Plenty of things go wrong for Ginny, of course. Most of the team is skeptical that her inclusion is anything but a publicity stunt. The aging star catcher Mike Lawson (a neck-bearded Mark-Paul Gosselaar) can’t help but condescend, even after Ginny tells him she bought his rookie card as a kid; the manager Al Luongo (a grouchy Dan Lauria) is planning to bump her back down to the minors once an injured pitcher is back on the roster. Ginny’s biggest fans are her sharp-elbowed agent Amelia Slater (Ali Larter, her face in a permanent grimace) and the Padres owner (Bob Balaban), who knows a branding opportunity when he sees one. Behind it all is the looming specter of her father Bill (Michael Beach), who pushed her into the sport as a youngster with troubling intensity.
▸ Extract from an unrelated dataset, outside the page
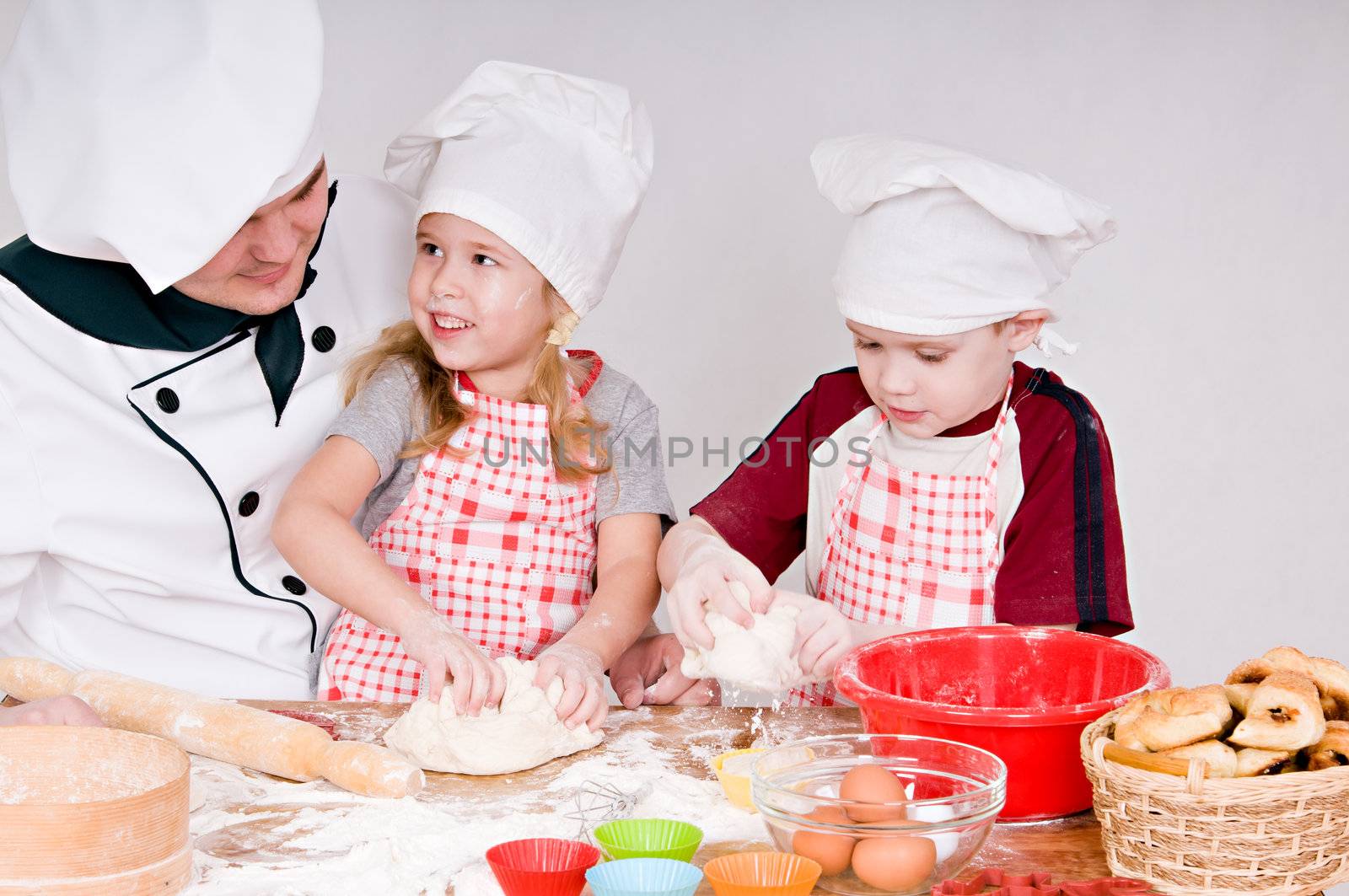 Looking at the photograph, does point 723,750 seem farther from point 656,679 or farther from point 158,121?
point 158,121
Fogelman and his co-creator Rick Singer lob the clichés so hard and fast, it’s hard to be offended by any particular one. Ginny’s banished to a broom closet while the team figures out where to put its woman’s locker room…but then she’s won over by the sight of her new uniform. An early rough patch sees her throw three wild pitches as she struggles to settle her nerves…but settle them she does. Lawson doesn’t think she can handle the heat … but by the end of the episode, she’s begun to prove herself. Pitch is absolutely uninterested in upending its sports formula outside of changing the gender of its lead character, but there’s a good reason for that. It’s undeniably exciting to see Ginny on the field in a Padres uniform, with the crisp Fox broadcasting logos around her. This is a show that’s confident in the power of its central image.
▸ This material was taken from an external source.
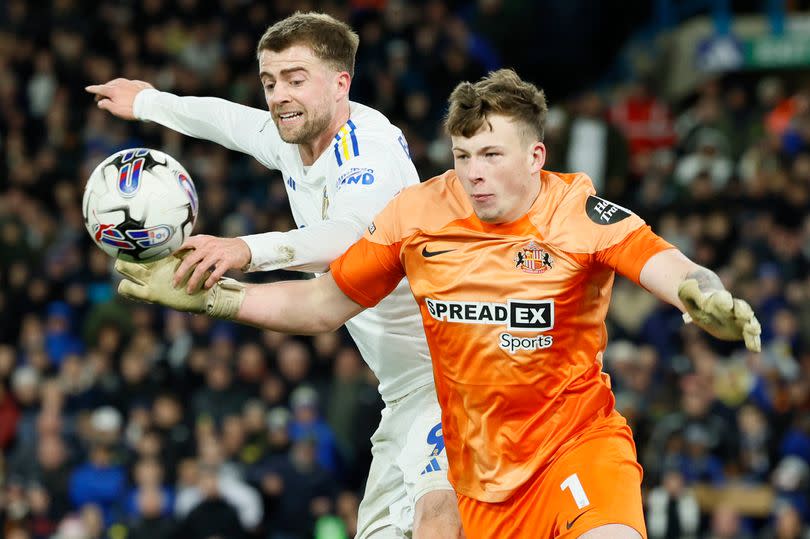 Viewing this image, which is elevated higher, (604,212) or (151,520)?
(604,212)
It’s Pitch’s future that’s more concerning. The most successful fictional TV shows about sports usually operate on the sidelines in some way, like HBO’s Arli$$ (about agents) or ABC’s Sports Night (about the behind-the-scenes of broadcasting). The great Friday Night Lights, about the culture of high-school football in West Texas, didn’t know what to do with its team by its second season, and only succeeded by rebooting its premise entirely in the third (essentially creating a whole new team from scratch). That would be tougher to pull off for Pitch, since major-league sports are at their very core consistent: A team’s quality may ebb and flow, but it’s going to try and do the same basic thing year every year, meaning Pitch might eventually run out of material for Ginny.

For now, though, Fogelman seems to know what he’s doing. Just like This is Us, Pitch ends with a surprising emotional twist that suggests a canny, if mawkish, attitude toward plotting. Though Ginny has started on the path toward impressing her teammates, there will be plenty more obstacles, big and small, for her to overcome in the coming episodes. If the pilot is any indication, Pitch will be slickly presented, rife with heartwarming moments, and feature a magnetic lead on the mound every week. In other words: so far, so good.